Un mundo arcano Cierta vez –me contaba hace días el pintor Wifredo Lam– un “santero” cubano, obsesionado por el deseo de conocer el África para hallar las “raíces” de sus artes mágicas en la vasta tierra que los viejos designan todavía con el nombre de Guini (Guinea), desembarcó en Leopoldville, lleno de ilusiones acerca de lo que allí encontraría. Pero, poco tiempo después, regresó a La Habana, confesando que allá –en “la Nación”– las prácticas eran “más pobres”, menos interesante y activas, que las de sus colegas criollos, maestros en hechicerías, caídas en posesión, uso de plantas curativas y preparación de “bilongos”. Esto vendría a corroborar la opinión de Villa-Lobos, según la cual las “religiones” sincréticas de ciertos negros americanos difieren ya totalmente de los ritos ancestrales, traídos al continente en los días de la trata. En Haití encontramos, junto a la presencia de nuevos dioses locales, una asimilación de las prácticas de la hechicería medioeval, parecidas a las que se describen en los tratados del Marqués de Villena. En el Brasil, la creencia en un mesiánico regreso de legendarios reyes portugueses se ha unido al ritual de candombes y makumbas. En Cuba, no contentos con crear todo un panteón de incontables divinidades, los santeros han llevado la aceptación de todo prodigio hasta conceder una extraordinaria importancia a la hechicería china. “La brujería

china tiene fama de ser tan hermética –nos cuenta Lidia Cabrera en su reciente libro El Monte– que el santero Calazán Herrera, ha caminado toda la isla para saberla”. Jamás pudo penetrar ninguno de sus secretos, ni aprender nada de ellos.
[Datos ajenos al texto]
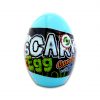 Beardy Scary Egg Candy with Toy 10g Blue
Únicamente sabe que comen una pasta de carne de murciélago, excelente para conservar la vista; que confeccionan con la lechuga un veneno muy activo; que la lámpara que le encienden a Sanfancón alumbra pero no arde; que siempre tienen detrás de la puerta un recipiente lleno de un agua encantada que lanzan a espaldas de la persona que quieren dañar, y que alimentan muy bien sus muertos. Nada pueden contra los “daños” echados por un brujo chino “pues la magia de los chinos se reputa la peor y la más fuerte de todas, y, al decir de nuestros negros, sólo otro chino sería capaz de destruirla...”. Pero ahí no se detiene esa aceptacion de “poderes”. “Muy terrible es también –nos cuenta la autora– la brujería de los isleños, naturales de Canarias, quienes nos han transmitido gran numero de supersticiones, y que vuelan –las isleñas– como los brujos de Angola”. “Vuelan las isleñas –advertíame un informador– yo lo puedo jurar. Vuelan montadas en escobas y vuelan sobre el mar...”. Esta creencia denota que, como en Haití, muchas creencias derivadas de los Aquelarres medioevales han pasado a otros lugares de este continente, junto con los textos de La clavícula de Salomón, y otros falsos tratados herméticos, para enriquecer un cuerpo de creencias ya desvinculadas de las religiones africanas, tal como pudo conocerlas, en su estado original, el “santero” visitante de Leopoldville.